(MATERIAL FOR THIS TASK Opens)

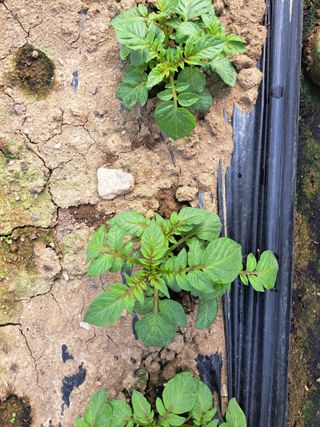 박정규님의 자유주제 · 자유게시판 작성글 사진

(MATERIAL FOR THIS TASK Closes)
(MATERIAL FOR THIS TASK Opens)

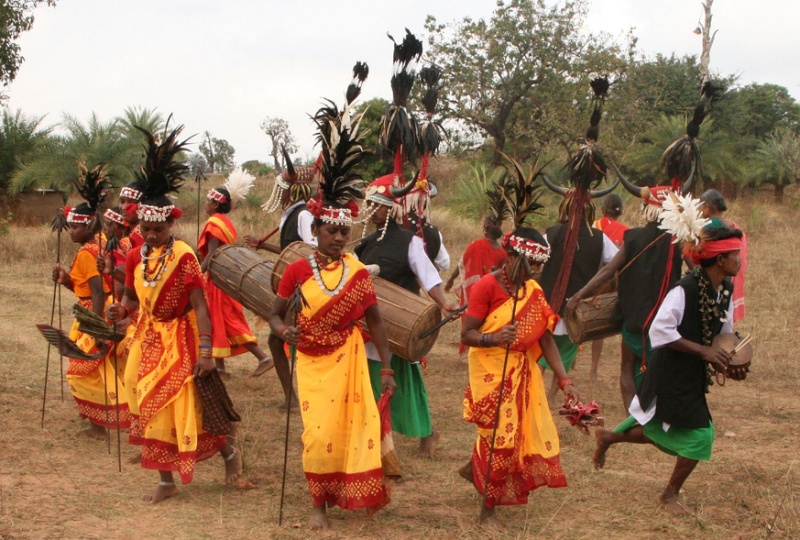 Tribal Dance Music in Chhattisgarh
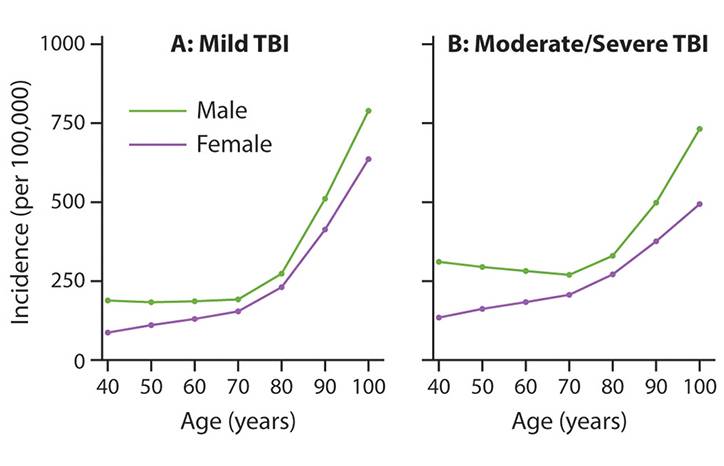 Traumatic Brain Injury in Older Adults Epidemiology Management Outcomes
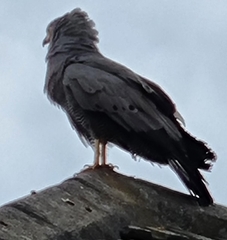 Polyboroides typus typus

(MATERIAL FOR THIS TASK Closes)

WORK TO BE COMPLETED: Within the listing above, print exactly the stretch beginning at the line that contains "Traumatic Brain Injury" and finishing at the line that contains "Polyboroides typus typus", ends kept, pictures left out, and nothing more.

ANSWER TO THIS EXERCISE:
 Traumatic Brain Injury in Older Adults Epidemiology Management Outcomes
 Polyboroides typus typus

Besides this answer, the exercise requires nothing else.